他向后靠进椅背,合眼将半月来的线索在脑中铺开:
无人见她购粮,无人见她领票,无人见她借米讨面。
可她气色日渐润泽,发丝有了光泽,旧衣虽破,却洁净板正,连补丁都针脚密实。
炉膛清灰不见半点肉骨鱼刺。
一个无依无靠的孤女,活得比许多双职工家庭还齐整光鲜。
这绝非一句“省吃俭用”能盖过。
他睁开眼,目光扫过桌角的通话器。
按规程,此刻该破门而入,翻箱倒柜。
但他指节曲起,终未动作。
打草惊蛇,乃大忌。他不想惊动一只已踏入视线的猎物,尤其当这猎物身后,或许还牵着更深的线。
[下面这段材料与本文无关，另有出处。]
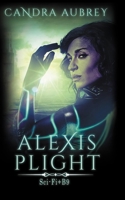 Alexis Plight: Sci-Fi Erotic Romance B0BFV41BWB Book Cover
他起身再次走到窗边。家属院的小径覆着薄雪,孩童嬉闹声遥远模糊。三号楼静立一隅,七号院门扉紧闭,烟囱无声。
太平静了。
他转身,目光落回抽屉深处那只档案袋。
现在收网,太早。证据仍散碎,动机未明。若她只是个极度擅于持家的普通女子,这番动作反显他多疑。
但他心底清楚,错觉的概率很小。
有些人安静,是出于怯懦。
有些人低调,是源于无力。
可颜秀雨的静,透着一股沉着的掌控——她清楚每一步的落点,也懂得如何避开所有视线。
这种人,不会无缘无故染上肉香和洋糖的痕迹。
第七日晨,小陈再报。
“邻人A反映,近日未闻其家有烹炒声,灶台使用稀少;
清洁工称,该户每周只倒一次垃圾,内容始终为煤渣废纸;
另,昨夜巡逻记录:屋内灯光于凌晨一点十五分熄灭,今晨无晾晒衣物,但晾绳上有未干水痕,似夜间浣过小件。”
沈胤川听完,未置一词,只将纸条收入袋中。
他走到窗前。远处,几个孩童正在雪地里追逐笑闹。三号楼的那扇窗后,却依旧是一片过分的整洁和安静。
正常得令人心生疑窦。
他负手而立,目光掠过那平整的后院墙角——只有贴近墙根的一小块地,颜色深了些许,像是新土被悄然压实。
风掠过院墙,卷起些许浮尘,轻轻扑在斑驳的砖缝上。
一只麻雀跳下来,啄了啄地,又振翅飞走。